“But this cowardice, this necessity of justifying a totally false identity and of justifying what must be called a genocidal history, has placed everyone now living into the hands of the most ignorant and powerful people the world has ever seen: And how did they get that way? By deciding that they were white. By opting for safety instead of life.”
– James Baldwin
Out of whiteness spills a great hatred, pouring forth in all directions. It emanates out like thick ripples spread by a heavy stone as it sinks to the ocean floor, drowned by its own weight, broken off from the land. Men who believe they are white tell me the stone sinks because it is heavy with love; the purer the love, the stronger the hate that encircles it. They quote to me the Commander, Rockwell: “Without a deadly hatred of that which threatens what we love, love is an empty catchword.” Their hearts are heavy with love; heavy as stones.

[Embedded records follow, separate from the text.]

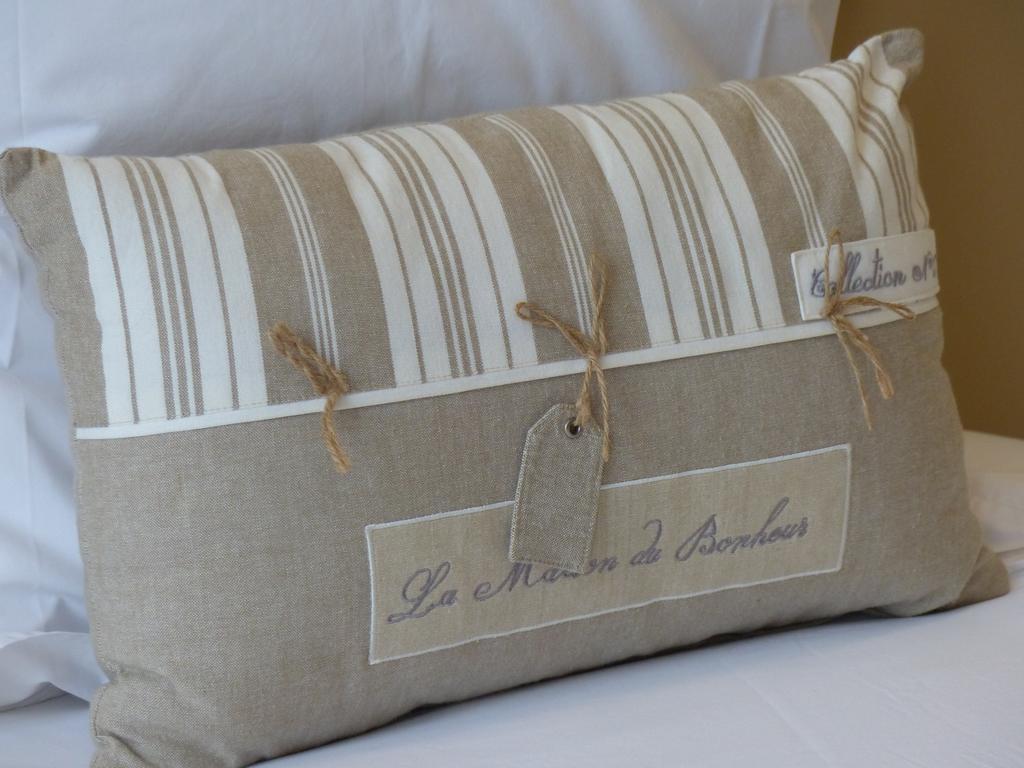 Bed and Breakfast La Cour Des Carmes Аррас Экстерьер фото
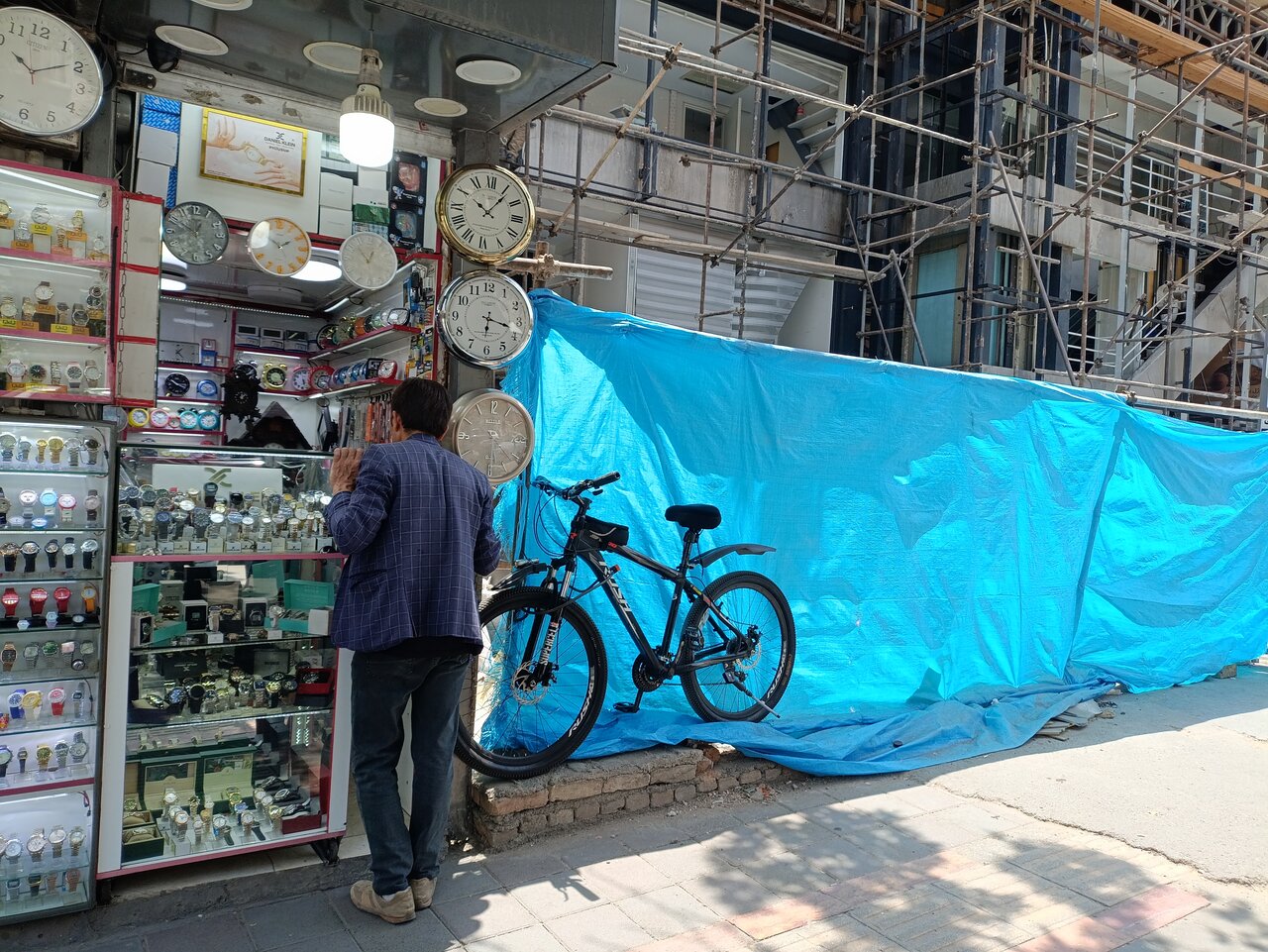 جریان زندگی در یک خیابان زخمی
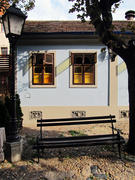 Дом и скамейка в старом квартале Скадарлия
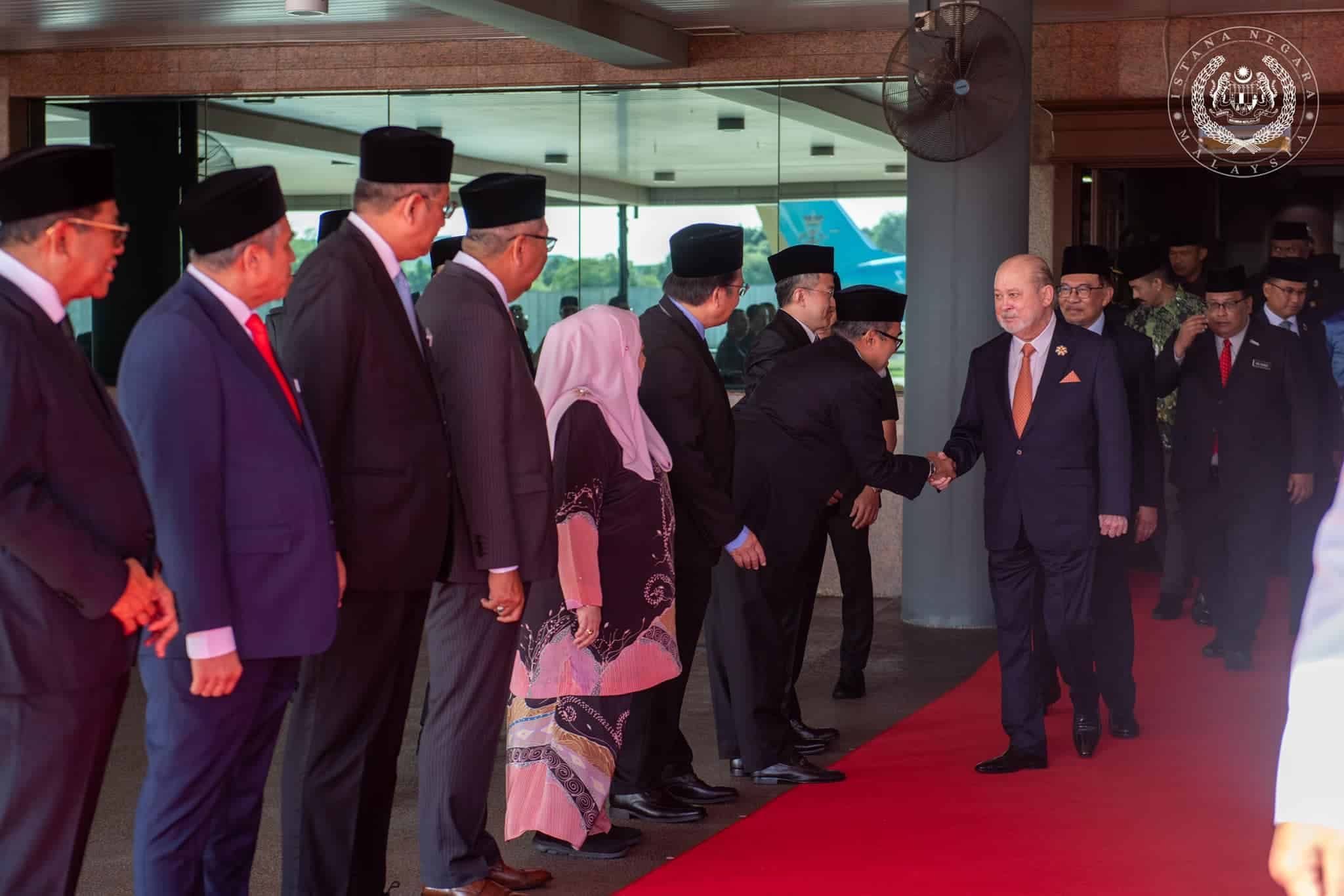 King arrives in China for maiden state visit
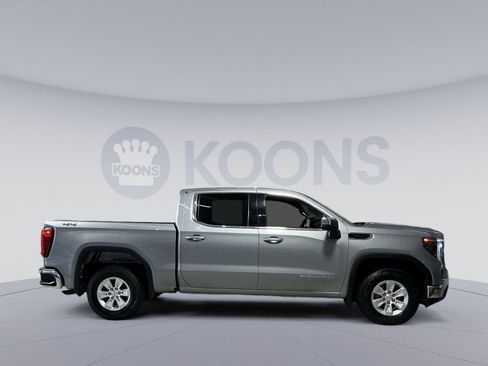 Used 2023 GMC Sierra 1500 SLE image 17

If we take as true the identitarian’s sentiment “hate does not exist randomly,” does it follow that love is its germinative force? For whiteness— a political invention so distinctly modern there are searchable PDFs of its earliest uses— we find the opposite causality. There is no awareness of the particular, tangible “us” without prior knowledge of an exteriority; language is, at its core, an act of differentiation. In naming whiteness, colonial ethnographers like Kant sought to continue Blumenbach’s tradition of dividing the world into hierarchy with its developers always seated at the top. What began as an affect of cultural and economic superiority metamorphized into a mode of power reproduction that would come to subsume both culture and economy.

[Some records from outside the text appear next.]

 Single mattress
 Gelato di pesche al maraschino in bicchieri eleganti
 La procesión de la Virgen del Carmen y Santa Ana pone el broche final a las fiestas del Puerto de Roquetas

Whiteness only exists in a tangential relationship to those who believe they are white. Once-textured nations, tribes, and communities traded the labor of communal maintenance for the work of whiteness: securitization and enforcement. They self-policed the destruction of their own cultures in exchange for getting to call themselves “white” and be believed. Close though some may get, none exert ownership or mastery over whiteness. The Enlightenment taxonomy we clumsily call “race” surpasses any individual’s capacity to possess or embody, and so it produces perpetually insecure subjects. Their only Kali Yuga is a sine wave, refusing to stand still at the peak where whiteness can be touched. Its constant oscillation is a boom and bust cycle spent grasping at something that can never be held. They are homesick for a place can never exist.